Significance: Mitochondrial dynamics and turnover are crucial for cellular homeostasis and differentiation. The removal of damaged mitochondria that could contribute to cellular dysfunction or death is achieved through the process of mitochondrial autophagy, i.e., mitophagy. Moreover, mitophagy is responsible for removal of mitochondria during terminal differentiation of red blood cells and T cells.
Recent advances: Recent work is elucidating how mitochondria are recognized for selective mitophagy either by PINK1 and Parkin or mitophagic receptors Nix and Bnip3 and their accompanying modulators. PINK1/Parkin-mediated mitophagy reveals their role of cargo recognition through polyubiquitination of mitochondrial proteins, while Nix functions as a regulated mitophagy receptor.
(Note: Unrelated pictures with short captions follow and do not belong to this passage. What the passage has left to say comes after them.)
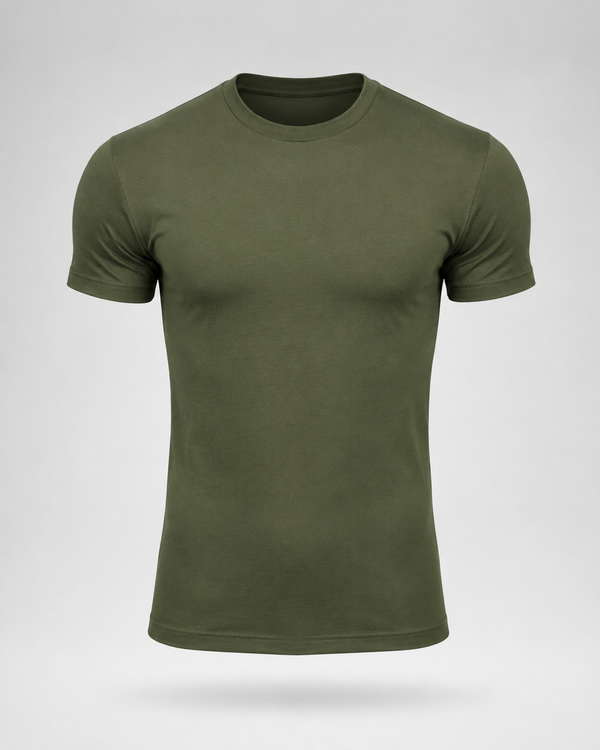 Verde army
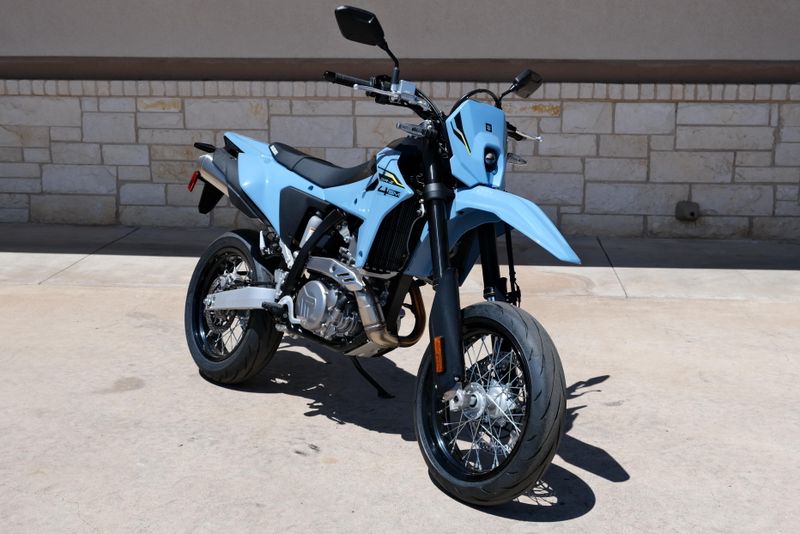 New Inventory | Family Powersports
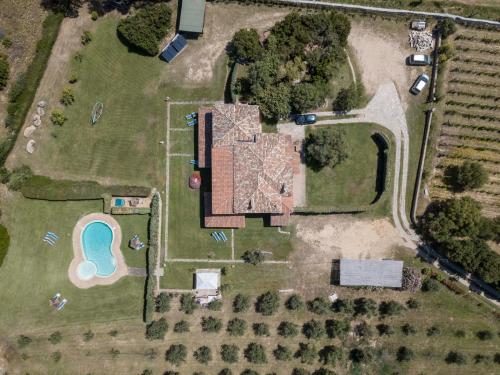 Villa Iris with Pool – Photos 4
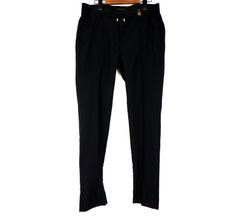 07AW MARTIN MARGIELA slacks side line 46 - メルカリ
These recognized modes of capture by the autophagy machinery operate at different efficiencies, from partial to complete elimination of mitochondria.
Critical issues: It is critical to understand that the distinct regulatory mechanisms involve not only autophagy machinery, but also proteins associated with mitochondrial fusion and fission and therefore, regulation of mitochondrial morphology. The end result is either finely tuned quality control of damaged mitochondria, or mitochondrial clearance during development- induced mitophagy.
Future directions: In this article, known mechanisms and future directions for deciphering the challenge of mitophagy regulation will be discussed.